## Activity
The data below is to be returned in full and exactly.

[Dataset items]
= = =

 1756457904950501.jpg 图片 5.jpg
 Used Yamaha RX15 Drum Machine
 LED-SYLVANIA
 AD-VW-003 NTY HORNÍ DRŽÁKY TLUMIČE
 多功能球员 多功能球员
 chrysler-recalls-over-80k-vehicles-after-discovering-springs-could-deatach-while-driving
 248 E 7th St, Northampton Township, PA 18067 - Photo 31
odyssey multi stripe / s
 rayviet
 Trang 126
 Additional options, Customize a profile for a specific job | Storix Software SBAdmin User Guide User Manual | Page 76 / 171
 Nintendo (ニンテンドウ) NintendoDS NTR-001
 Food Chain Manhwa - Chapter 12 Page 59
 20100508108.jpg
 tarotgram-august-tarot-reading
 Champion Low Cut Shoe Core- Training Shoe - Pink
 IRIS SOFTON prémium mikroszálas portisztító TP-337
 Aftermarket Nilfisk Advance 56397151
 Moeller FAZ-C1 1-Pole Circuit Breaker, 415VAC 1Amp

= = =

## Result for this task
 1756457904950501.jpg 图片 5.jpg
 Used Yamaha RX15 Drum Machine
 LED-SYLVANIA
 AD-VW-003 NTY HORNÍ DRŽÁKY TLUMIČE
 多功能球员 多功能球员
 chrysler-recalls-over-80k-vehicles-after-discovering-springs-could-deatach-while-driving
 248 E 7th St, Northampton Township, PA 18067 - Photo 31
odyssey multi stripe / s
 rayviet
 Trang 126
 Additional options, Customize a profile for a specific job | Storix Software SBAdmin User Guide User Manual | Page 76 / 171
 Nintendo (ニンテンドウ) NintendoDS NTR-001
 Food Chain Manhwa - Chapter 12 Page 59
 20100508108.jpg
 tarotgram-august-tarot-reading
 Champion Low Cut Shoe Core- Training Shoe - Pink
 IRIS SOFTON prémium mikroszálas portisztító TP-337
 Aftermarket Nilfisk Advance 56397151
 Moeller FAZ-C1 1-Pole Circuit Breaker, 415VAC 1Amp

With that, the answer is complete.